Quote:
Originally Posted by Mason Malmuth
4. At the next tier, but still small stakes, raise the rake.
I'd agree with this if poker rooms took the moral obligation to persistently redistribute a substantial part of that rake via promos aimed at casual players, e.g. Stars' CardHunt at NL10+.
However, it looks like Stars has decided not to make such promos permanent, but instead, rotate 'new' NLHE variants that only took a few hours to design, i.e. Split and Showtime. I feel that not enough R&D was invested into them, unlike Spin & Go Max and (to some extent) Power Up (though the latter doesn't have as much power to retain casual customers because of its complexity and slowness - now, the $15 games are barely running, the $15 regs often have to move down to $7 even at peak hours just to get a game).
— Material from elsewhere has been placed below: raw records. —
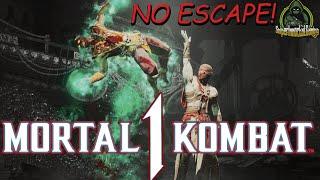 MK 1 Ermac online Gameplay Ft Jax Kameo Kombat League Sets - Scorpion player trying to run down time
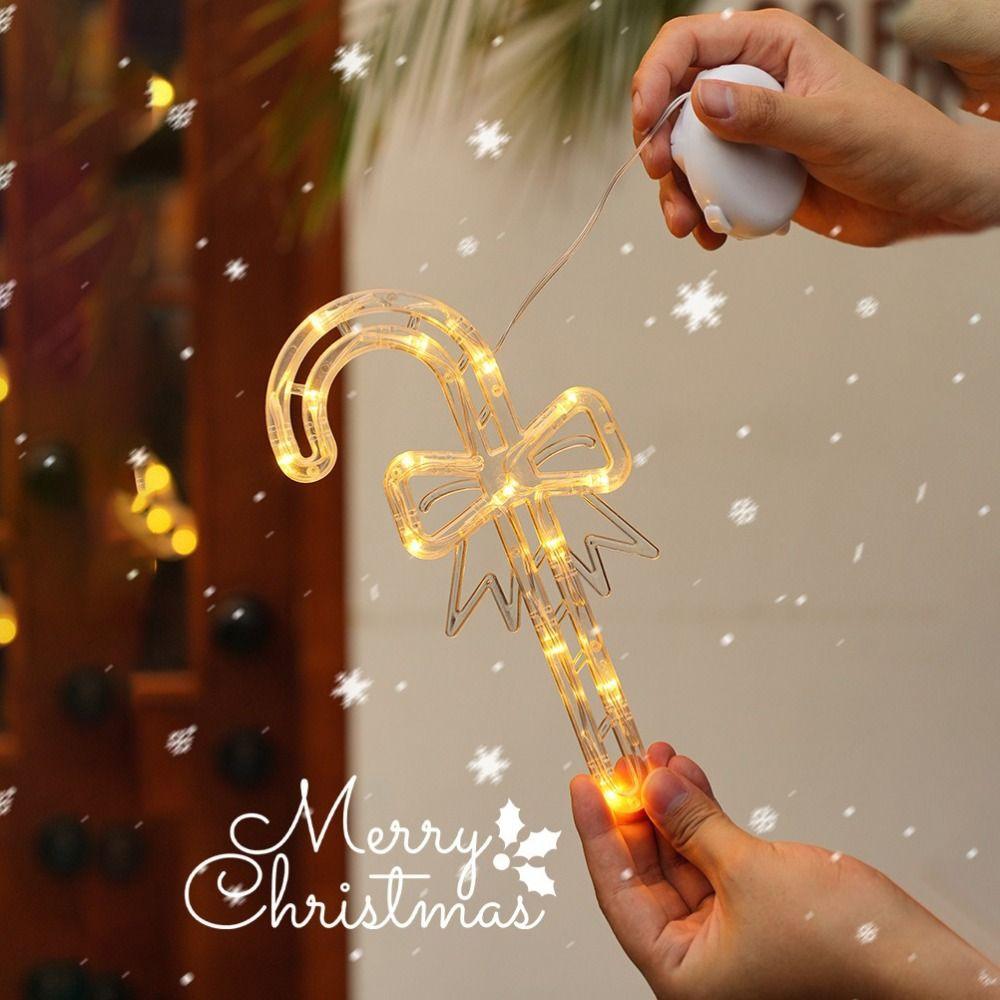 Suction Cup Snowflake Light Warm Light Christmas Decoration  Holiday Lighting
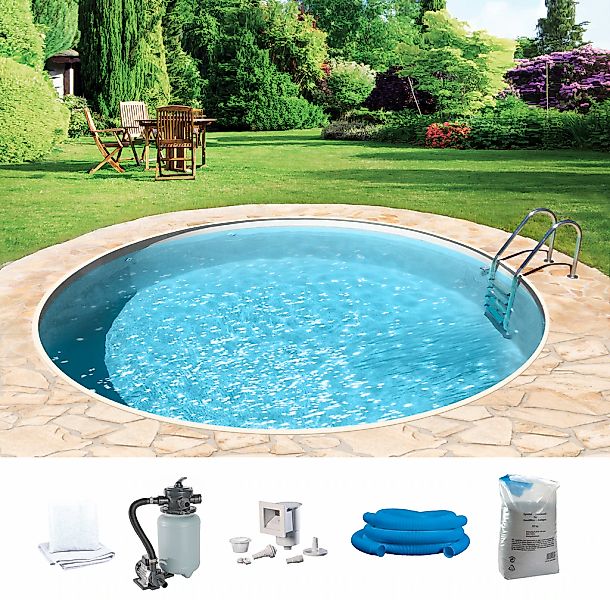 KONIFERA Rundpool "HOLIDAY 2" Höhe: 120 cm, in verschiedenen Größen günstig online kaufen
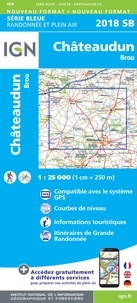  IGN - Châteaudun, Brou - 1/25 000.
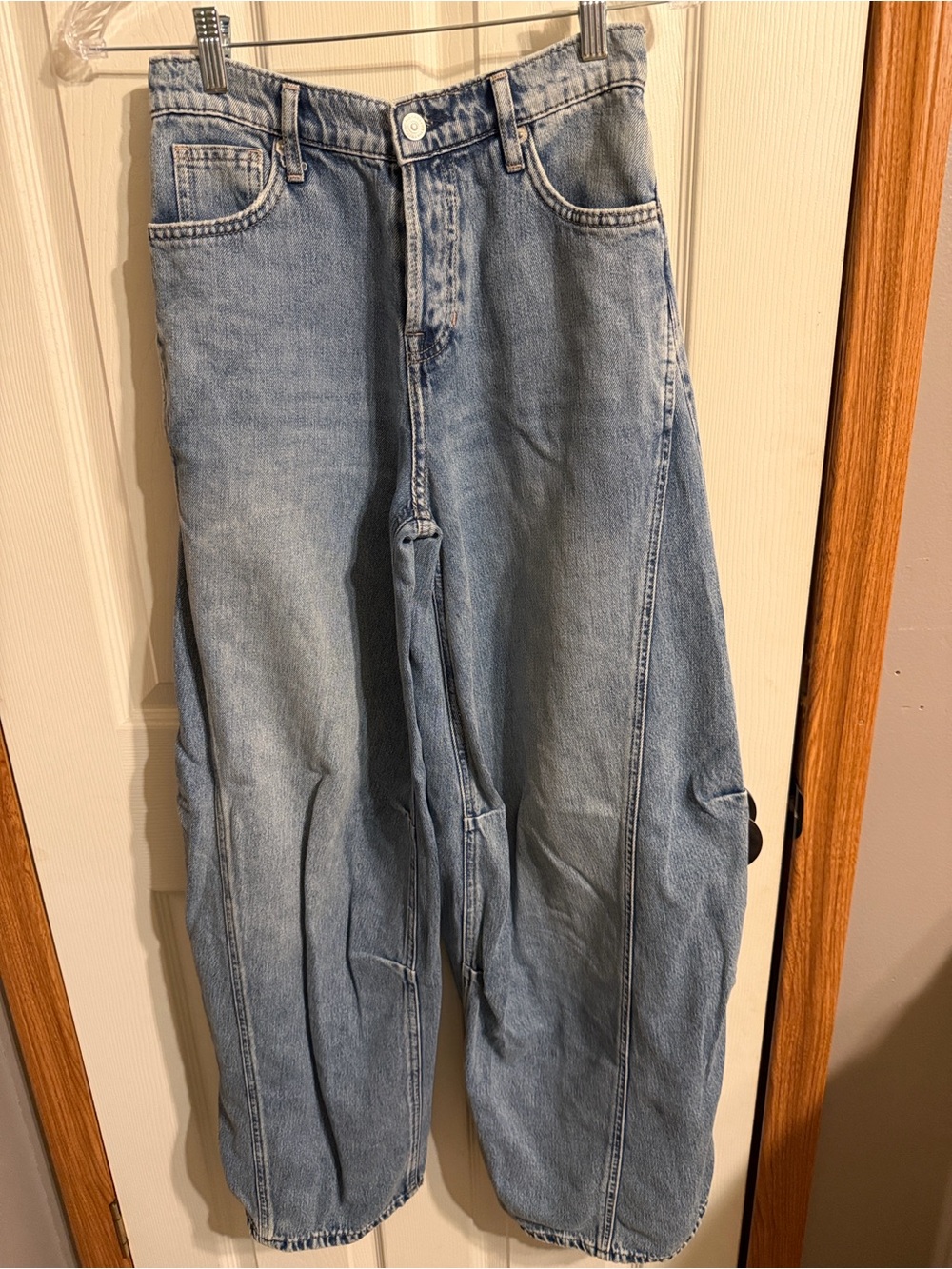 We The Free Westward Demi Barrel Leg Jeans Amazing 🔥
The most recent creation of Stars' 'genius' researchers is Spin & Goal, which took quite a lot of programming because of the new mechanism of awarding free bets as prizes, which doesn't even work in all jurisdictions because sports betting is unavailable in some of them (incl. Russia), and which apparently caused a crash of the poker servers on the day of deployment (June 1).
I don't think Stars' researchers are industrious enough to be paid so much. Sadly, this seems the general state of the poker industry in general, not just Stars.
More rake is better when it's efficiently invested into promos, talented researchers and, importantly, accurate programmers (the amount of spelling errors in the names of variables that I saw in Stars' log files made me cringe), but not when the surplus is largely pocketed by the poker room, like by Stars after the deployment of Power Up.
I have some hope that RunItOnce Poker will be reinvesting the collected rake more efficiently.